::: Dataset extract

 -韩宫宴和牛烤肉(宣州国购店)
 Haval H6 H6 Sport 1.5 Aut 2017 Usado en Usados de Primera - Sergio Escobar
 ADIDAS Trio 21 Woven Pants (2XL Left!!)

::::::
::: Dataset extract

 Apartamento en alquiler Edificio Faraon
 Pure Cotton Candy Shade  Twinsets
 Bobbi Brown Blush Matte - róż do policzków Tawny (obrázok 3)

::::::
::: Dataset extract

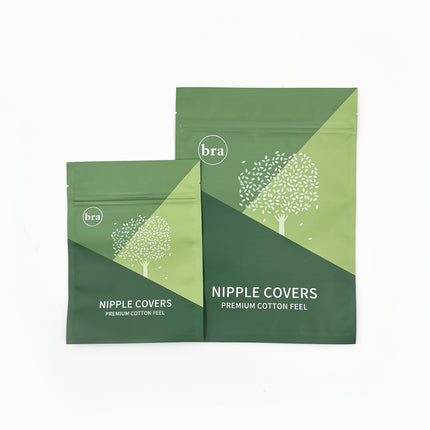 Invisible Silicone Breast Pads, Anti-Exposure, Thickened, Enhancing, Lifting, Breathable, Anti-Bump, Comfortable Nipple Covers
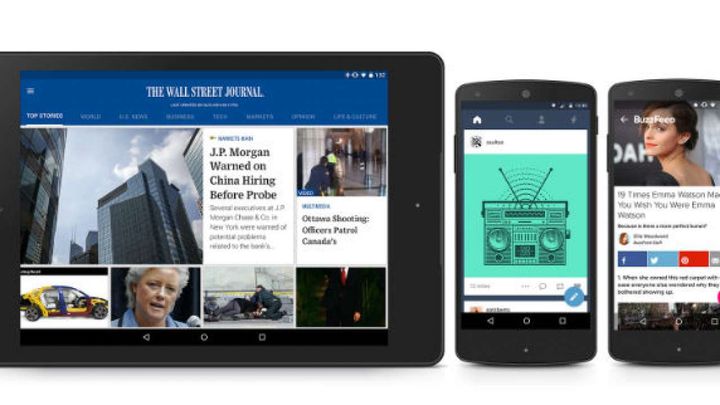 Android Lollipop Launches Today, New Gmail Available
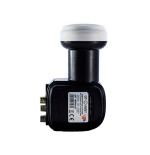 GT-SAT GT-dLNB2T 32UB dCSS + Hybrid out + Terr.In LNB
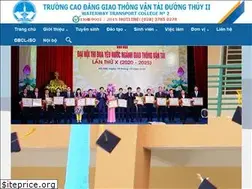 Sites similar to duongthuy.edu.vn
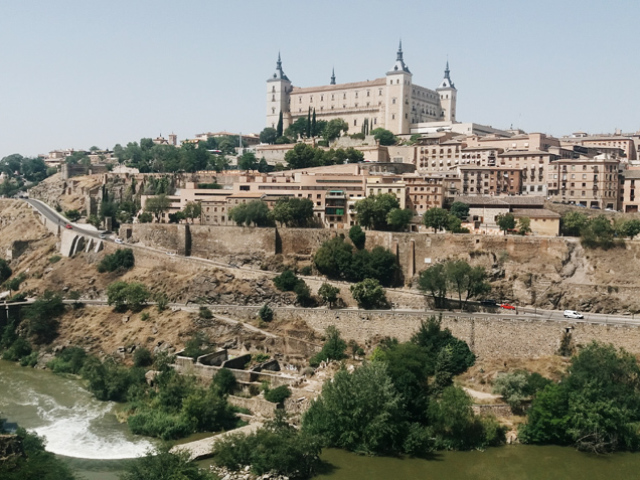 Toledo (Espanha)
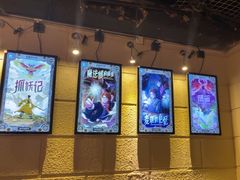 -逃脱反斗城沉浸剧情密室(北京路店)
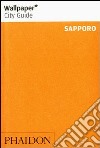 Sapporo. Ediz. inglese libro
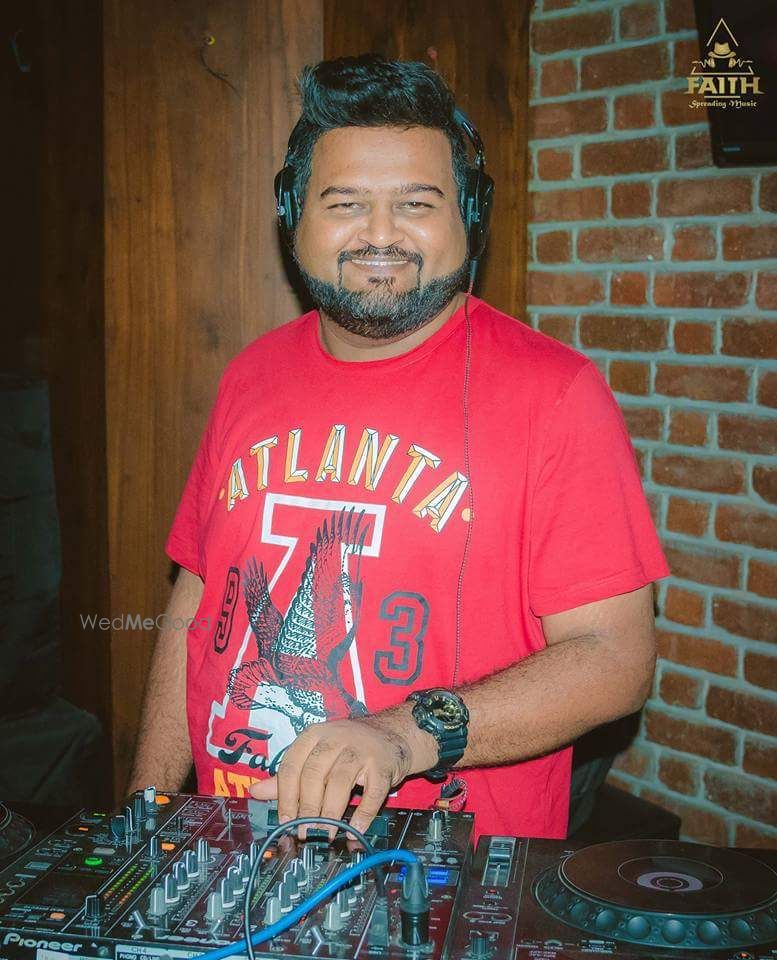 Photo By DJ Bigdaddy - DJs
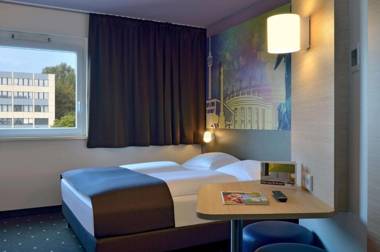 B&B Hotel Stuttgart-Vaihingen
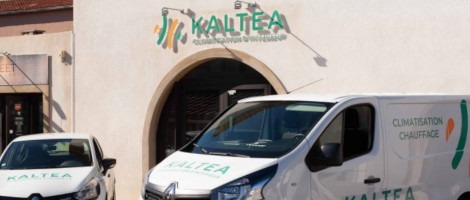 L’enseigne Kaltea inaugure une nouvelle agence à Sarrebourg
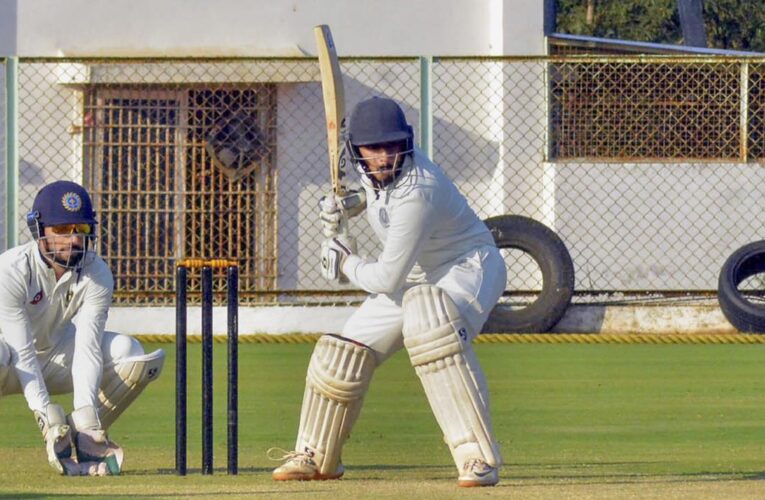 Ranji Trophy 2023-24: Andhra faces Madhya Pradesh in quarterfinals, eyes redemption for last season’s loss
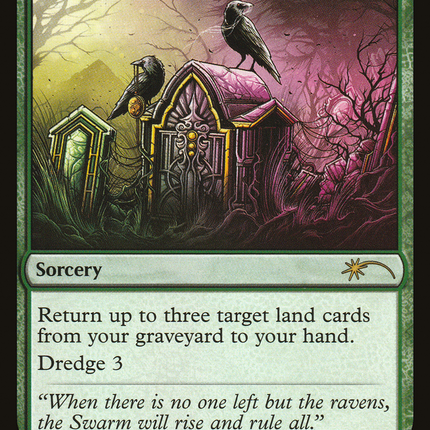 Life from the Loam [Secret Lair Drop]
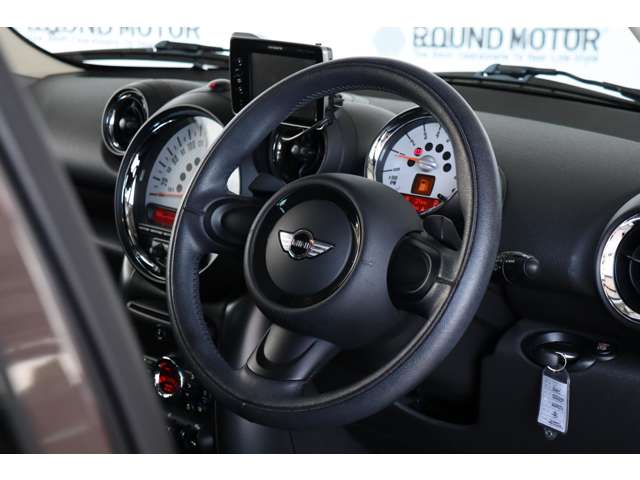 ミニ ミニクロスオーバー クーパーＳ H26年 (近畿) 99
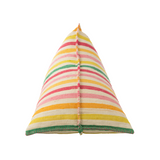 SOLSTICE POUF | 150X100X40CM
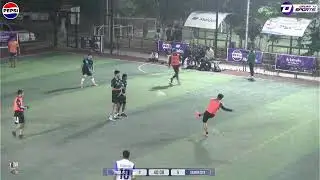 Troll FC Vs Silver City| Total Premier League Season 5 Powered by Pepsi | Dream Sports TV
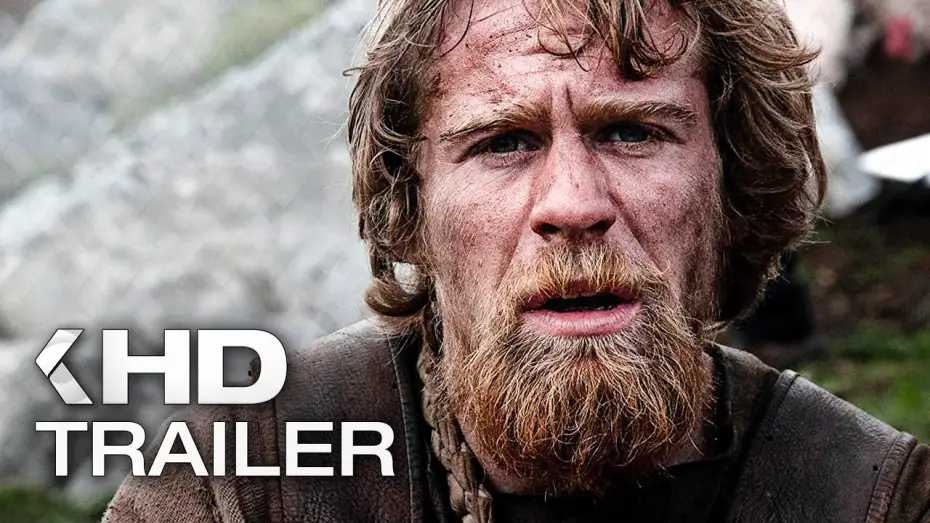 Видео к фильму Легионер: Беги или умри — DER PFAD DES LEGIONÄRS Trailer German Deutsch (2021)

::::::

Look above for the line with "Toledo (Espanha)" and copy exactly from it through the line with "Видео к фильму", both included. Omit the pictures.

 Toledo (Espanha)
 -逃脱反斗城沉浸剧情密室(北京路店)
 Sapporo. Ediz. inglese libro
 Photo By DJ Bigdaddy - DJs
 B&B Hotel Stuttgart-Vaihingen
 L’enseigne Kaltea inaugure une nouvelle agence à Sarrebourg
 Ranji Trophy 2023-24: Andhra faces Madhya Pradesh in quarterfinals, eyes redemption for last season’s loss
 Life from the Loam [Secret Lair Drop]
 ミニ ミニクロスオーバー クーパーＳ H26年 (近畿) 99
 SOLSTICE POUF | 150X100X40CM
 Troll FC Vs Silver City| Total Premier League Season 5 Powered by Pepsi | Dream Sports TV
 Видео к фильму Легионер: Беги или умри — DER PFAD DES LEGIONÄRS Trailer German Deutsch (2021)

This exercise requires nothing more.